[[ DATASET open ]]

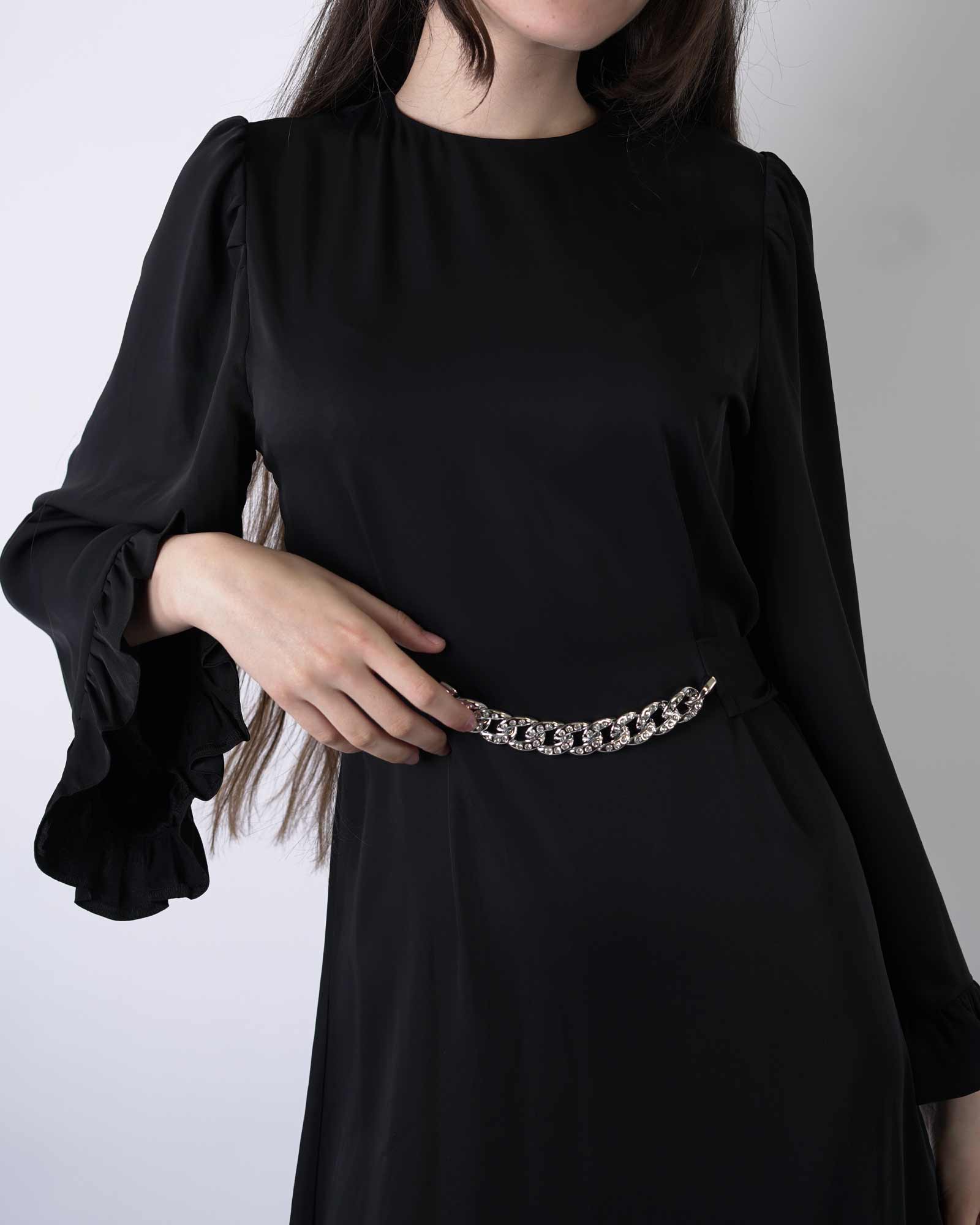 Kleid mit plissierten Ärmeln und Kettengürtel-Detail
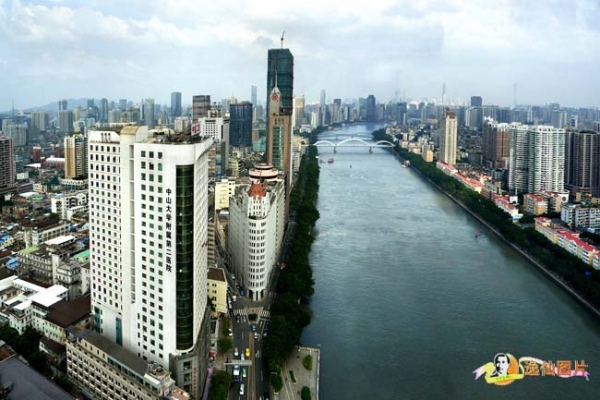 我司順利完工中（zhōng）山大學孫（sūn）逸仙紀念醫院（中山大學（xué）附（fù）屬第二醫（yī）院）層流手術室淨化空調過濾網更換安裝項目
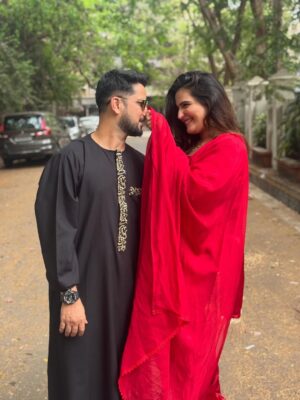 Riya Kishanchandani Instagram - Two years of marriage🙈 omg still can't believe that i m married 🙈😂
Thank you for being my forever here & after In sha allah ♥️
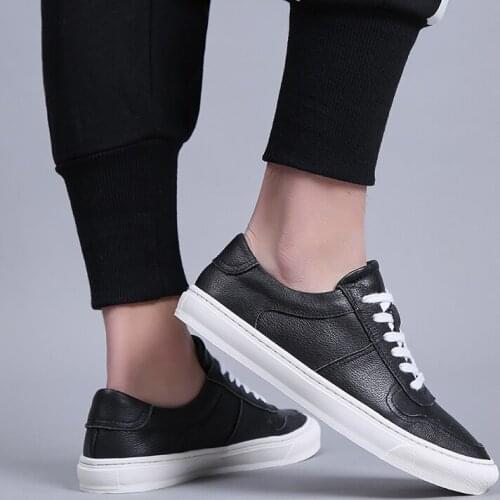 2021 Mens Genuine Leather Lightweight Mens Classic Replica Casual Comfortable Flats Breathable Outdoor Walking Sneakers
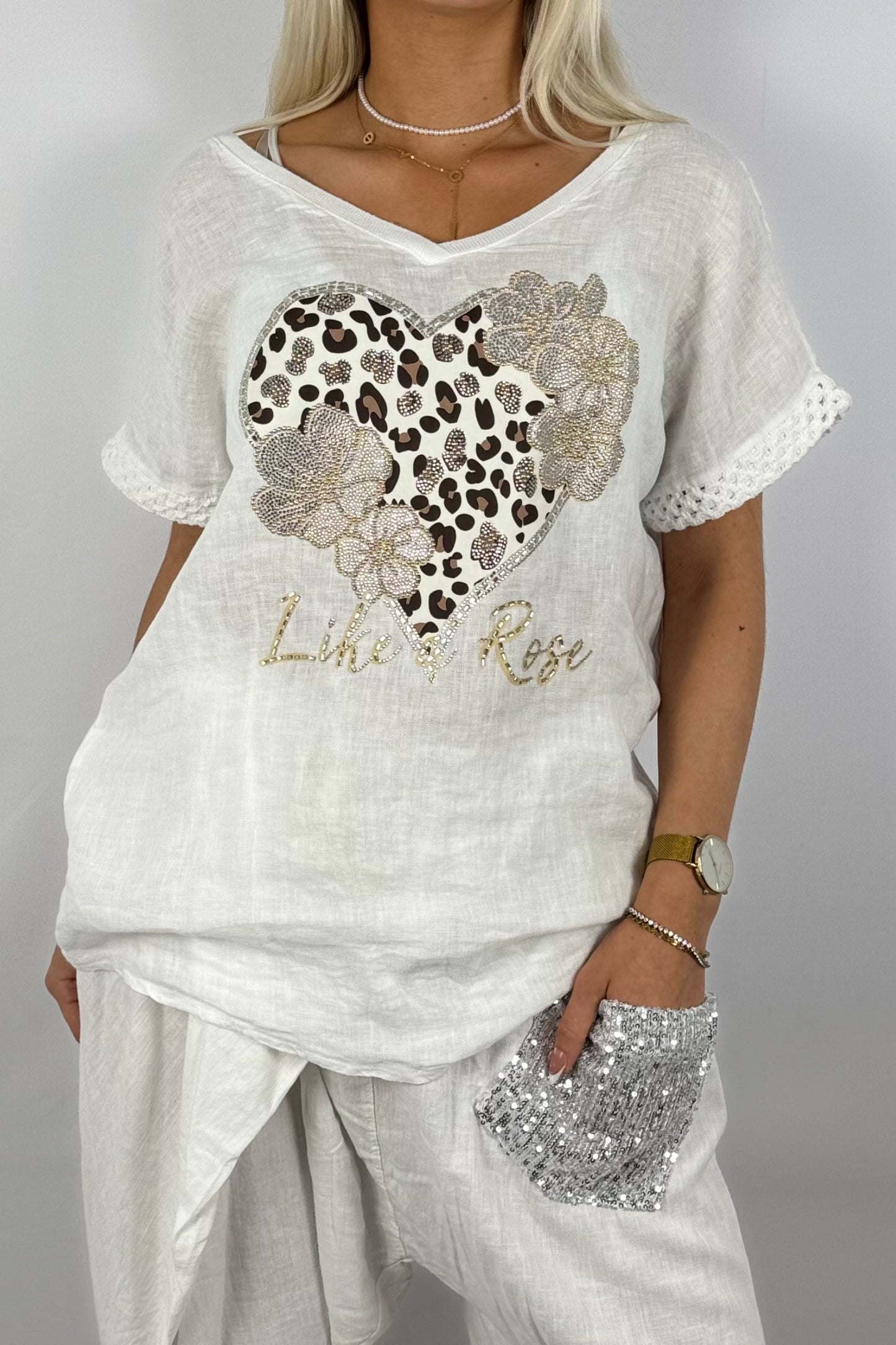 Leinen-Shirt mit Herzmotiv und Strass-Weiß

[[ DATASET closed ]]

> **WHAT IS REQUIRED**
Beginning with the line that has "Riya Kishanchandani Instagram", repeat each remaining line of the data above word for word, keeping pictures out.

> **RESULT OF THIS EXERCISE**
 Riya Kishanchandani Instagram - Two years of marriage🙈 omg still can't believe that i m married 🙈😂
Thank you for being my forever here & after In sha allah ♥️
 2021 Mens Genuine Leather Lightweight Mens Classic Replica Casual Comfortable Flats Breathable Outdoor Walking Sneakers
 Leinen-Shirt mit Herzmotiv und Strass-Weiß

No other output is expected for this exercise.